It wasn’t until 1956 that Wallace first hit on his unique talent for quizzing newsmakers. At the time, he was working as an anchor for a local New York station and his producer, Ted Yates, suggested they develop a late-night interview program that forced celebrities and politicians to answer tough questions. “Night Beat” was an immediate success, and Wallace found himself getting cheered on by cab drivers as he walked through Manhattan.

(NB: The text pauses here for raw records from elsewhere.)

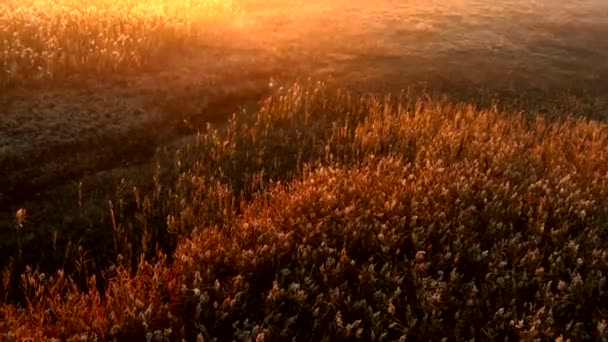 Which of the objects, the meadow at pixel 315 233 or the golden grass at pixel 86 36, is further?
the golden grass at pixel 86 36

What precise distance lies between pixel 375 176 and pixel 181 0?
12.3 metres

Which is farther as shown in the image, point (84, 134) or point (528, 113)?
point (528, 113)

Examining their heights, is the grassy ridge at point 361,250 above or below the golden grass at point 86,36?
below

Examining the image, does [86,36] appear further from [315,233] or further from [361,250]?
[361,250]

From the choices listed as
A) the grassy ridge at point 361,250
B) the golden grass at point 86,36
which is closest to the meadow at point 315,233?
the grassy ridge at point 361,250

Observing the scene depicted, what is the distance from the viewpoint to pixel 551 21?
20453 millimetres

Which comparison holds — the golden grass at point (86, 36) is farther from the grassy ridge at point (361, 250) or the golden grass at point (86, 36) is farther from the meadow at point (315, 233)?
the grassy ridge at point (361, 250)

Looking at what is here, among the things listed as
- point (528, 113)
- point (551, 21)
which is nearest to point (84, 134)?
point (528, 113)

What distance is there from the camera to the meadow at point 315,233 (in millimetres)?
4777

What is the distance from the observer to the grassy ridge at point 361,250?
473 centimetres

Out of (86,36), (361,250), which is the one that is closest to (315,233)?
(361,250)

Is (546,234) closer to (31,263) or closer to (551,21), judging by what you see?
(31,263)

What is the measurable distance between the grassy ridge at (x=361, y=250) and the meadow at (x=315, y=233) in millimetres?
23

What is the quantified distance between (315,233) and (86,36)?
8571mm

He took the program to ABC for a year, where it was called “The Mike Wallace Interview,” and then sampled a variety of broadcasting jobs until 1962, when his older son Peter, just 19, died in a hiking accident in Greece. In his grief, Wallace vowed to devote himself solely to journalism.

“I thought to myself, ‘Hey, do something that would make Peter proud of you,’ ” he recalled. “ ‘C’mon, you can do something more interesting than reading other people’s words about peanut butter.’ ”

In 1963, he returned to CBS as a special correspondent, reporting from Vietnam and then covering the 1968 presidential campaign of Richard Nixon, who asked him to be his White House press secretary.

Wallace declined and instead decided to help launch a new prime-time magazine show being developed by a producer named Don Hewitt. “60 Minutes” premiered in 1968, co-hosted by Harry Reasoner and Wallace.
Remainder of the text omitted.